(Data listing)

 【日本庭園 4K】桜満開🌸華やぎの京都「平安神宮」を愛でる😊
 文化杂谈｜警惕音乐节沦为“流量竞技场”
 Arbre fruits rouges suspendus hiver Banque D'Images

(End Data listing)
(Data listing)

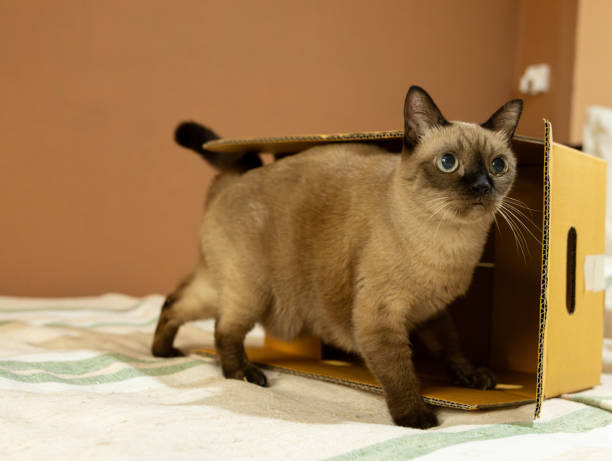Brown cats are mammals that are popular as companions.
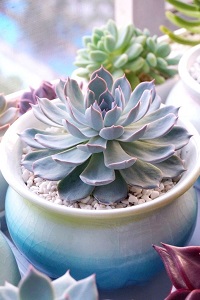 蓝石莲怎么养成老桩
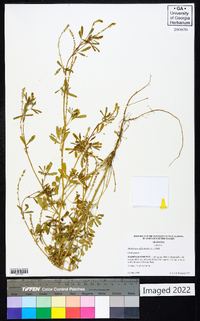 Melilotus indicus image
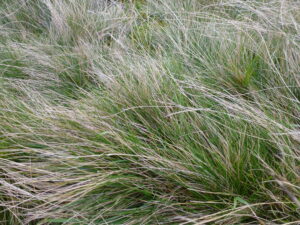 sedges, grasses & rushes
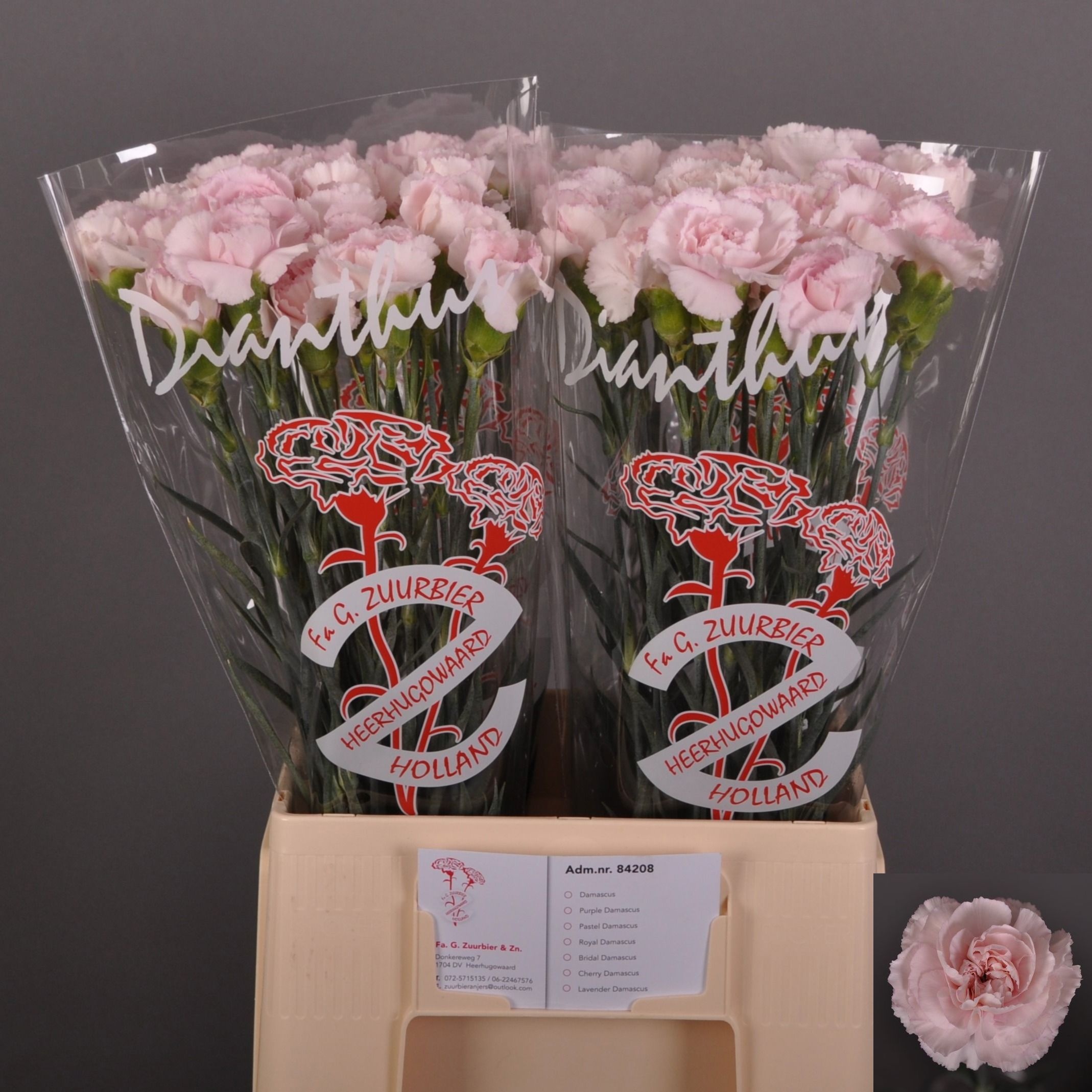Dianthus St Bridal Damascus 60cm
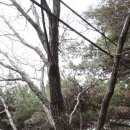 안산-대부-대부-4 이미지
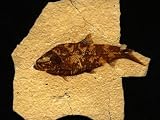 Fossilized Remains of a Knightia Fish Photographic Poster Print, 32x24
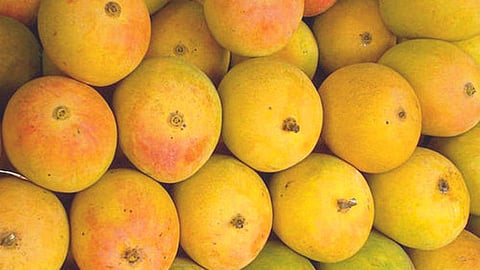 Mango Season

(End Data listing)
(Data listing)

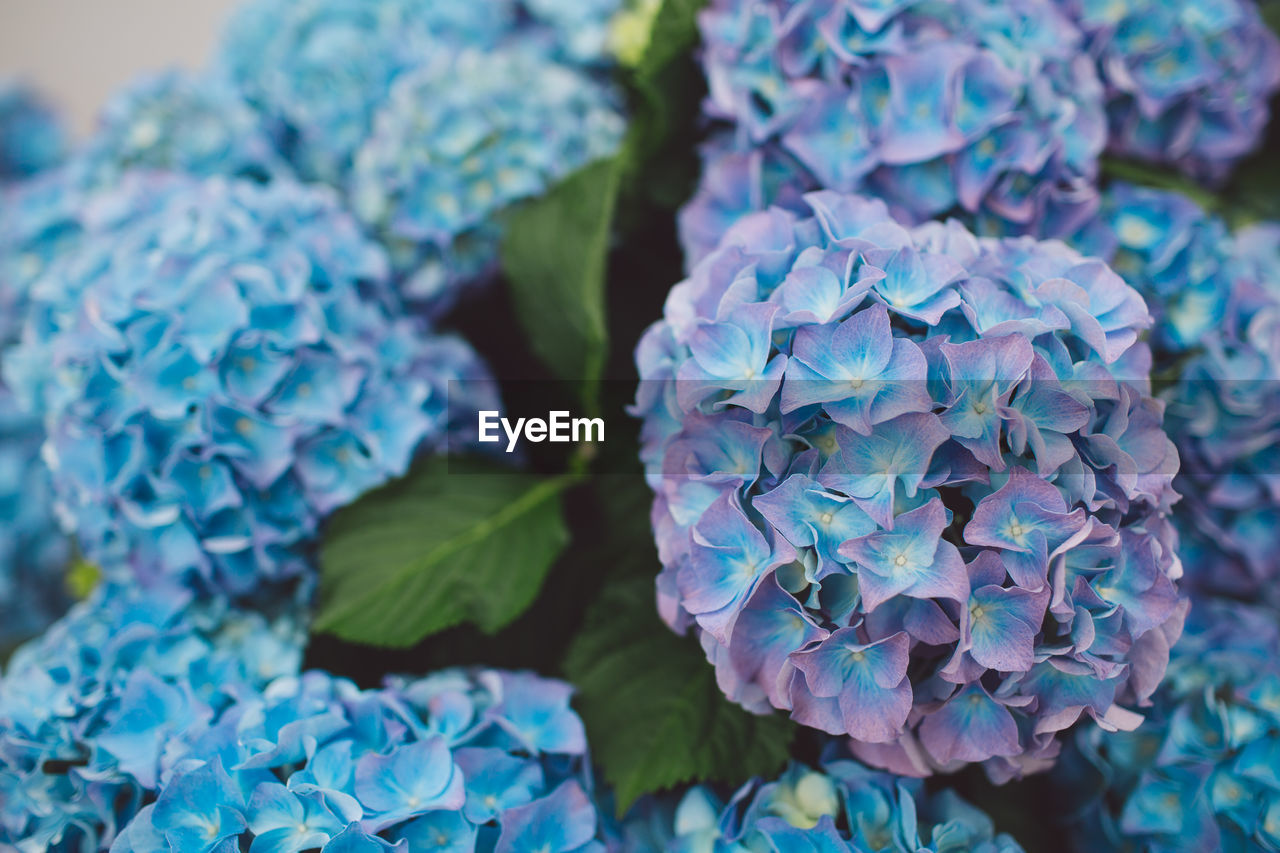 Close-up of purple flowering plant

(End Data listing)

Given the listing above, repeat exactly the lines starting at the one with "Melilotus indicus image" and ending at the one with "Mango Season", inclusive, excluding pictures.

 Melilotus indicus image
 sedges, grasses & rushes
Dianthus St Bridal Damascus 60cm
 안산-대부-대부-4 이미지
 Fossilized Remains of a Knightia Fish Photographic Poster Print, 32x24
 Mango Season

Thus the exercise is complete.